Kingston is showcasing a new addition to the still-fledging discrete PCIe SSD market with the announcement of the HyperX Predator. The Predator is an M.2 drive slotted into a PCIe Gen 2 x4 adapter card for one simple reason, performance. Sequential read speeds are listed as up to 1,400MB/s and writes at 1,000MB/s. This is well above the capabilities of the 600MB/s theoretical max of the SATA 3.0 port or the 800GB/s max of most M.2 ports found on Z97 motherboards.
The Predator is powered by a Marvell 88SS9293 controller and Tosbhiba’s A19 MLC NAND. Unfortunately, it eschews NVMe support in favor of just AHCI, though given the scarcity of NVMe devices this at least ensures better compatibility. It will be nice to see PCIe 3.0 adoption reaching SSD manufacturers as well as PCIe 3.0 capable M.2 slots from motherboard manufacturers, but I digress.
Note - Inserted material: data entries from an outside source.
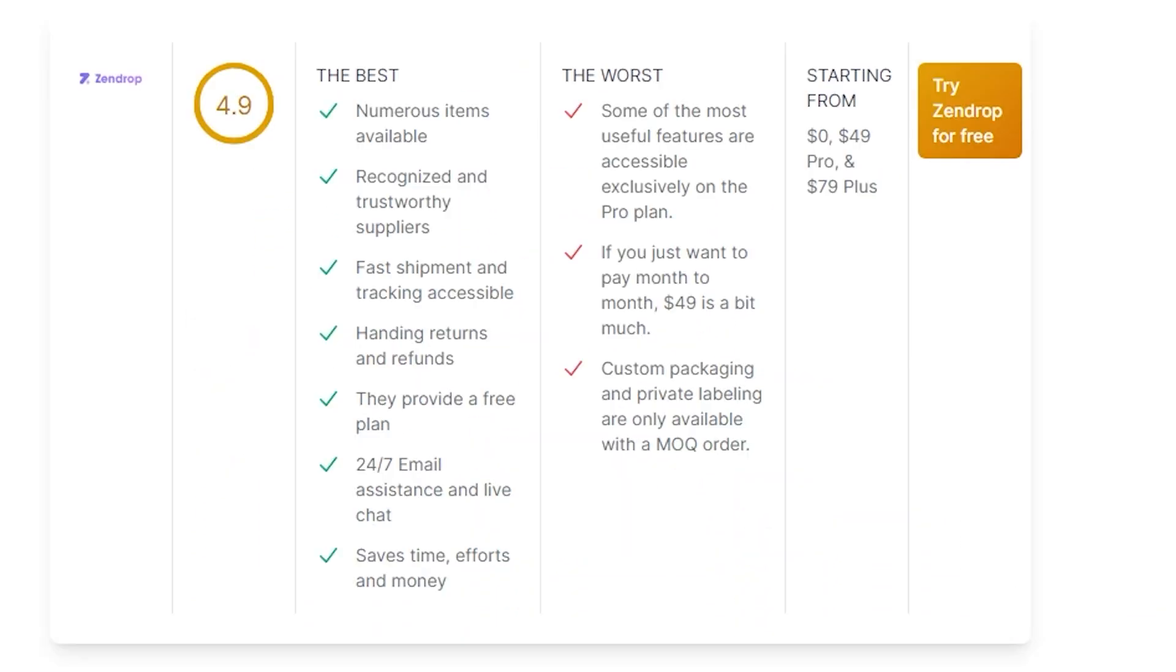From sourcing to shipping, the company can handle many aspects of your business. With that said, we're gonna go through the pros and cons. This is from Dropshipping.com and they rate Zendrop 4.9 out of 5, which is pretty high.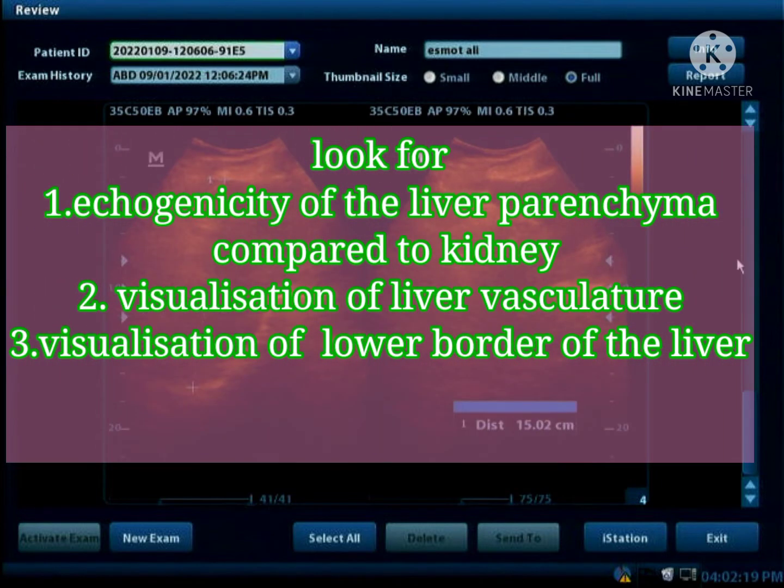During diagnosis of fatty changes of the liver, we look for three things: number one, liver parenchyma echogenicity, which is usually compared with the kidney parenchyma; hepatic vessels; and the lower border of the liver.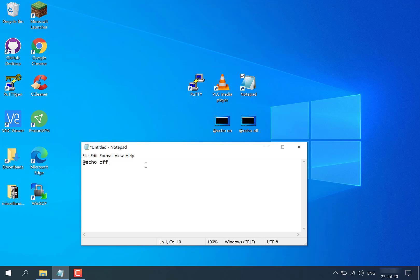So what you're going to do is you're going to go to the second line now, so you're going to hit enter, and now we're going to start including the commands to run each of our programs. So the first program we're going to tell this batch file to run is going to be putty. What you're going to do is type start, space, and then the program name, so in our case it's putty. This command will basically open up putty.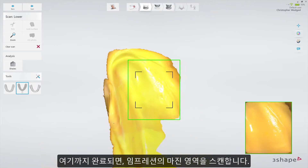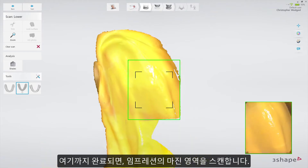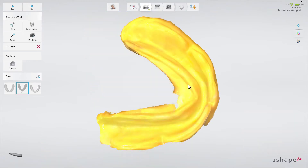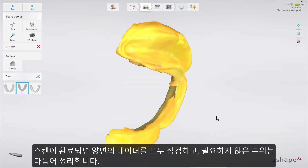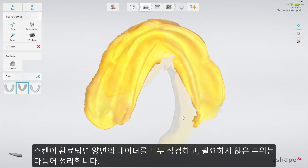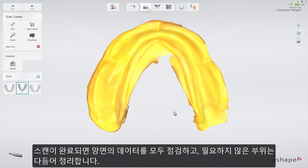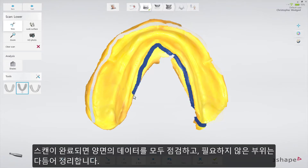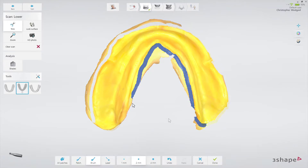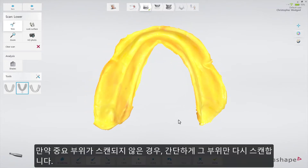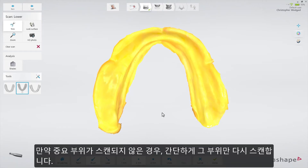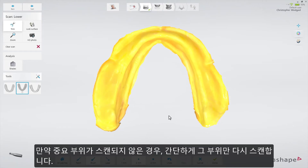Once that is completed, proceed with the marginal areas of the impression. When scanning is complete, you can inspect the result on both sides and prepare the scan by trimming unnecessary parts. If an important area is missing, simply start scanning that area again.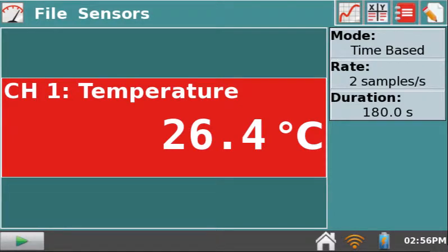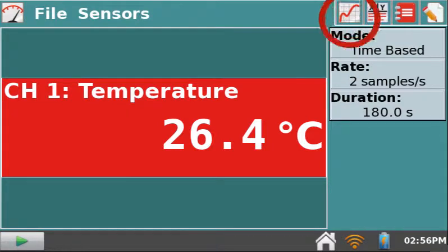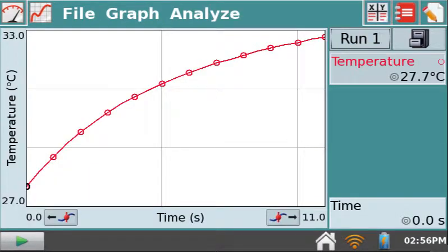Before you attempt to connect your iPad to a LabQuest 2, it can be helpful to already have collected some data. Now that we have the LabQuest 2 set up, let's work with the iPad.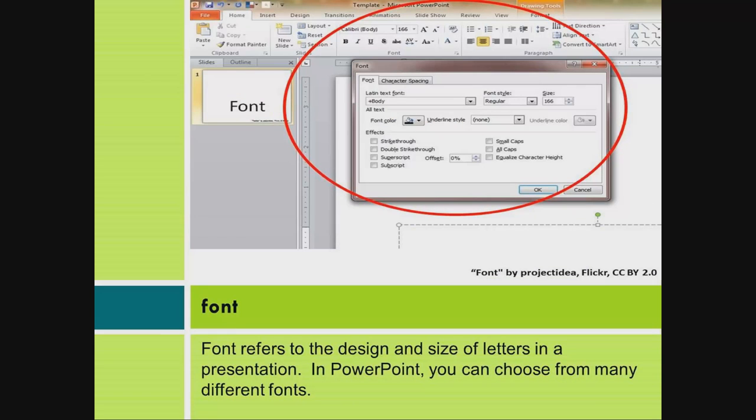Font. Font refers to the design and size of letters in a presentation. In PowerPoint you can choose from many different fonts.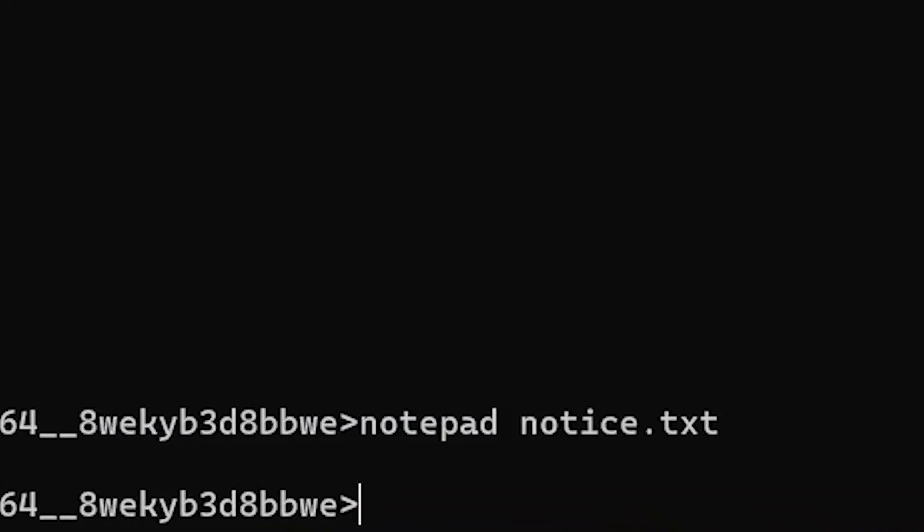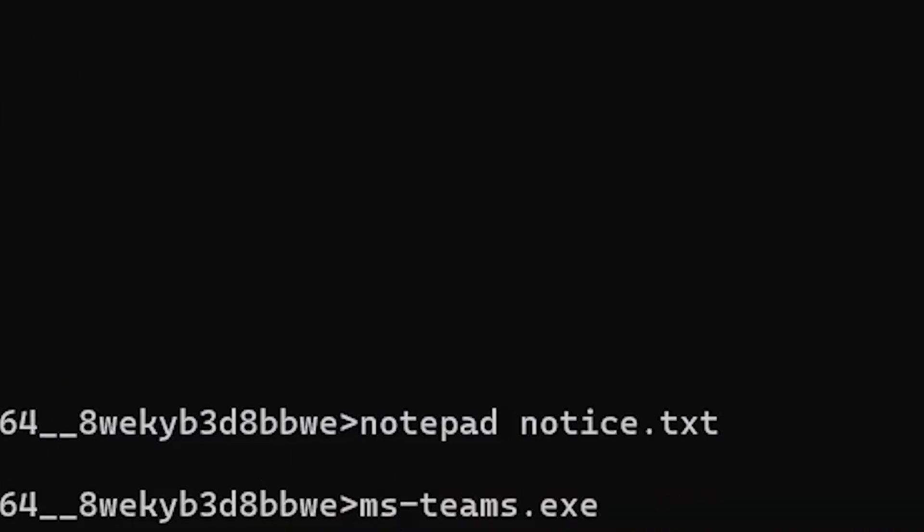Lastly, you can call any executable inside the container and launch the application. Let's start Microsoft Teams.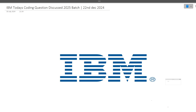Hi guys, welcome to Code Bashers. IBM off-campus hiring is going on in many colleges, and every day a lot of people are giving IBM exams. Many of you were requesting on Telegram that I should cover some IBM coding questions. In this video I will be discussing today's coding question asked in IBM. The coding questions are on the HackerRank platform and medium to hard level questions are being asked.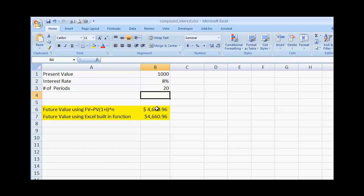That is really the magic of compound interest. You can play with this formula in your own specific situation and use Excel with this formula, or even just use the built-in function, to figure out what compound interest means in your own particular situation, whether it be for saving or investing. I hope this helps — thanks for watching.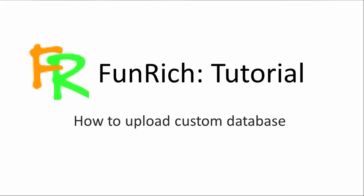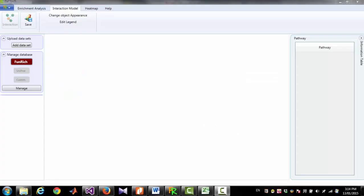Hello everyone, this is Mohsin Pathan from Funrich tool, and today I am going to show you how you can upload your own database to Funrich from an Excel file or tab-delimited text file.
The HyperX Predator can be used in just a M.2 port but most M.2 ports still only offer PCIe 2.0 x2 capability; this means performance is capped at a theoretical 1GB/s, closer to 800MB/s in real-world usage. By bundling the M.2 SSD with a half-high, half-length adapter card, Kingston is able to guarantee maximum performance of the drive with the majority mainboards currently on the market, though the model numbers indicate the Predator will also be available as a standalone M.2 drive. A low-profile bracket will also be included with the riser card.
The HyperX Predator will be offered in 240GB, 480GB, and 960GB flavors with availability starting later this quarter. No pricing or detailed performance figures are yet available, but the Predator will include the standard three-year warranty.